A good amount of people who have picked up an online competitive game in the past few years will be able to tell a story of ridiculous chat messages, aggressive behavior, or even harassment from random players across the world. The head of Xbox, Phil Spencer, is well aware of this, and took to Microsoft's official blog page to discuss how important gaming can be, and how it brings people together and inspires players around the world. Which is why he believes that video games should "be a safe environment" and will be taking measures to combat toxicity in gaming. The first change of which is that Xbox has updated its community standards page to reflect stricter guidelines in regards to "harmful behavior".
Second, gaming must promote and protect the safety of all. Gaming must be a safe environment. Creating community is shared work, and protecting community is essential work, so, we all carry part of the payload of community safety – game industry and gamers alike.
We commit to be vigilant, proactive, and swift. Our Xbox Safety team is nicknamed the “Defenders of Joy” because we will defend you in every humanly and technologically possible way, so gaming remains fun. We will identify potentials for abuse and misuse on our platform and will fix problems quickly. We are also intent on expanding the composition of our safety team so wide-ranging perspectives can help us identify future safety problems and solutions. Because hate and harassment have no place in gaming, we recently published a refreshed version of our Xbox Community Standards to communicate how each of us can keep gaming fun and safe for all and detail the consequences when any of us break these standards. A welcoming community is the key to a safe community, so our 150,000 Xbox Ambassadors – community leaders, stewards, and allies – will be engaged to embark on new community missions to help create an inviting and safe environment for all gamers. We will also continue to roll out new programs for the health of our entire gaming community.
This new policy promises to be "vigilant, proactive, and swift" in seeking out abuse on its online platforms to create a safe experience so that anyone of any background can play games without having to deal with toxic people creating problems. Additionally, a focus will be put on Xbox Club community managers, giving them "new moderation tools" to better protect fans, as well as simplifying the process of creating a child account for Microsoft gaming services. At the end of his post, Spencer also mentions that any innovations made to protect its younger gamers will be shared with the entire industry, to ensure the safety of as many players as possible.

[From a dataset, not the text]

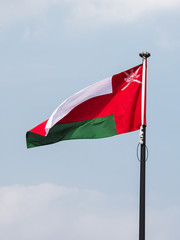 Omani flag waving in the blue sky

We commit to working across the gaming industry on safety measures. Because we intend to protect all gamers, we will openly share safety innovations with our industry the same way Microsoft has made PhotoDNA technology universally available to everyone from the police to the tech industry to fight the spread of child pornography. Today, multiple teams working in areas like moderation, user research, data science, and others are already aligning with industry partners to share insights, and best practices in areas of safety, security and privacy.
The gaming community continues to grow rapidly, and the imminent roll-out of new game services such as Apple Arcade, Google Stadia and Microsoft’s Project xCloud, will make gaming available to even more people worldwide. Our industry must now answer the fierce urgency to play with our fierce urgency for safety.
We invite everyone who plays games, and industry partners, to join us in following these principles to help unify the world and do our part: make gaming accessible for everyone and protect gamers, one and all.
While it's an impossible goal to entirely wipe out rude and cruel people from the internet, it seems Microsoft is dedicated to protecting its players, and being an inclusive platform to play games on.